> Assigned task:
Output the entries word for word. Omit images.

> Image-caption web data:
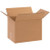10"L x 7"W x 7"H Corrugated Box, 25-Pack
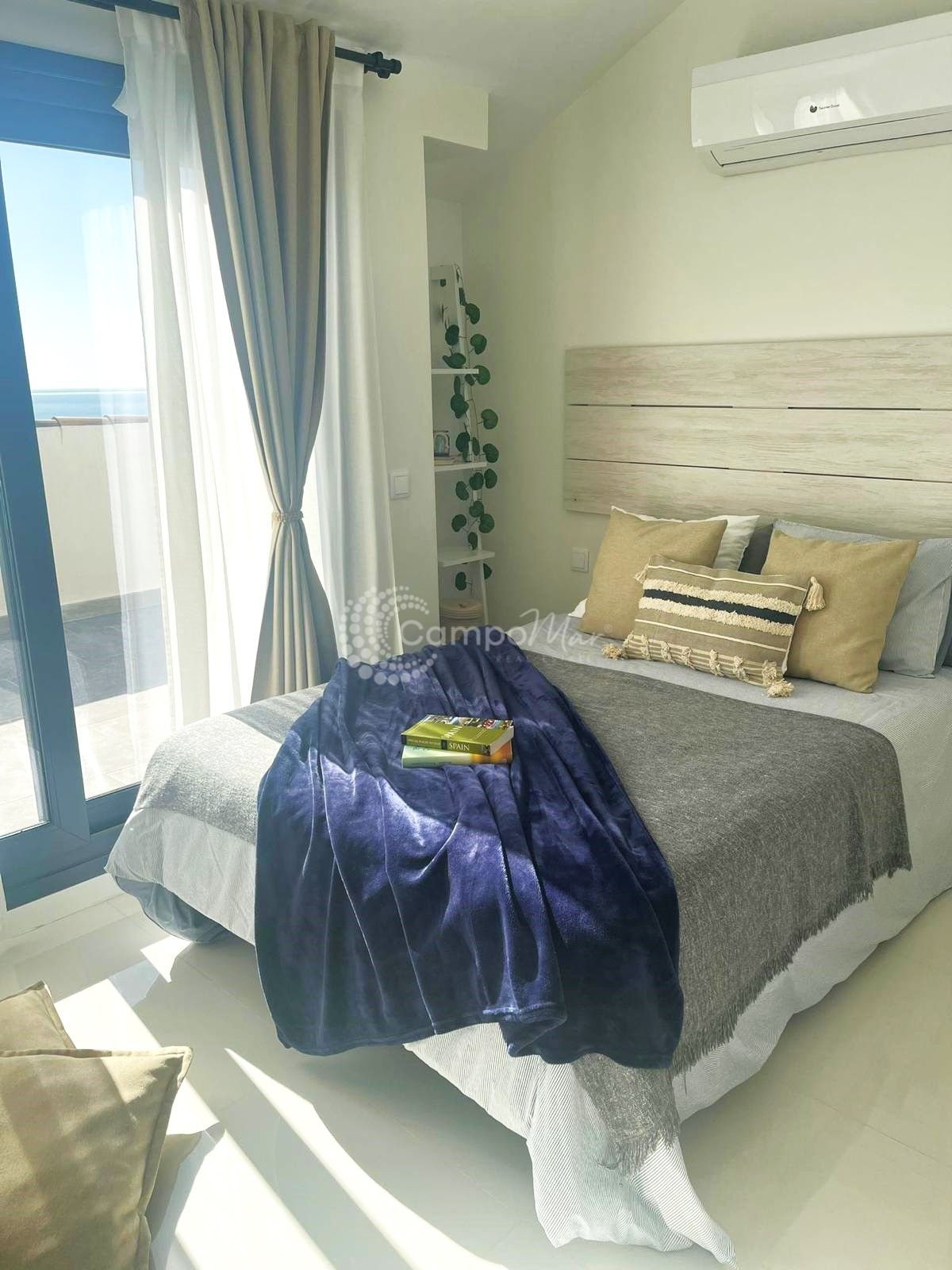 Penthouse in Manilva Beach, Manilva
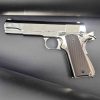 Golden Eagle 3305SV GM1911 Full Metal Gas Powered Gel Blaster (CHROME) - Image 10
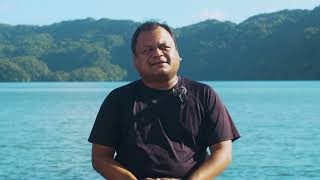 The importance of communityled fisheries in Palauan culture – An interview with Kevin Mesebeluu [upl. by Icats]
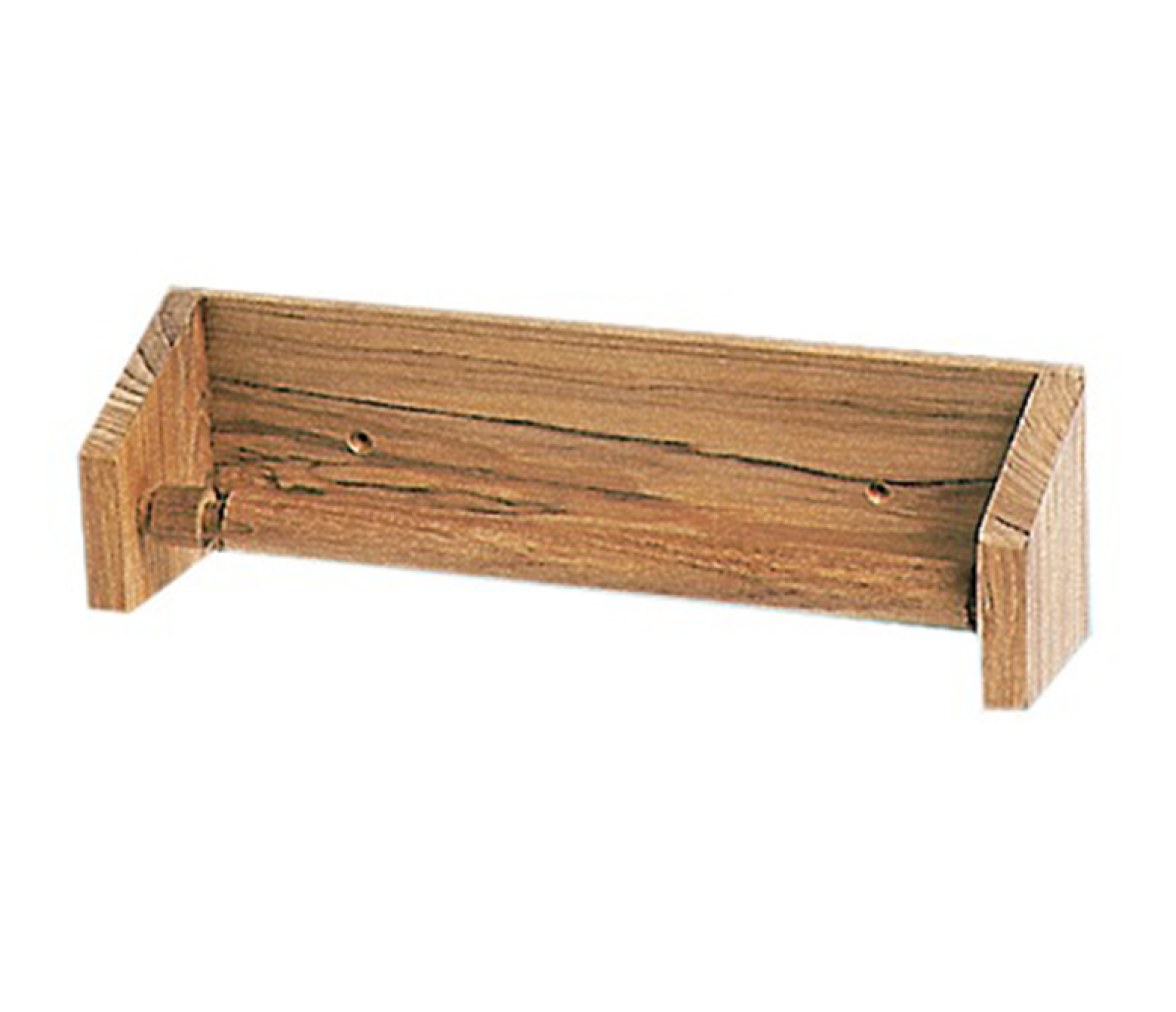 Soporte Rollos Papel Teca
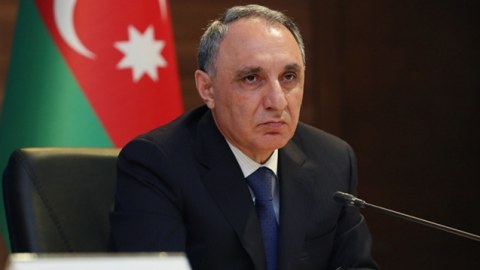 Kamran Əliyev Gəncədə vətəndaşları qəbul edəcək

> Your response:
10"L x 7"W x 7"H Corrugated Box, 25-Pack
 Penthouse in Manilva Beach, Manilva
 Golden Eagle 3305SV GM1911 Full Metal Gas Powered Gel Blaster (CHROME) - Image 10
 The importance of communityled fisheries in Palauan culture – An interview with Kevin Mesebeluu [upl. by Icats]
 Soporte Rollos Papel Teca
 Kamran Əliyev Gəncədə vətəndaşları qəbul edəcək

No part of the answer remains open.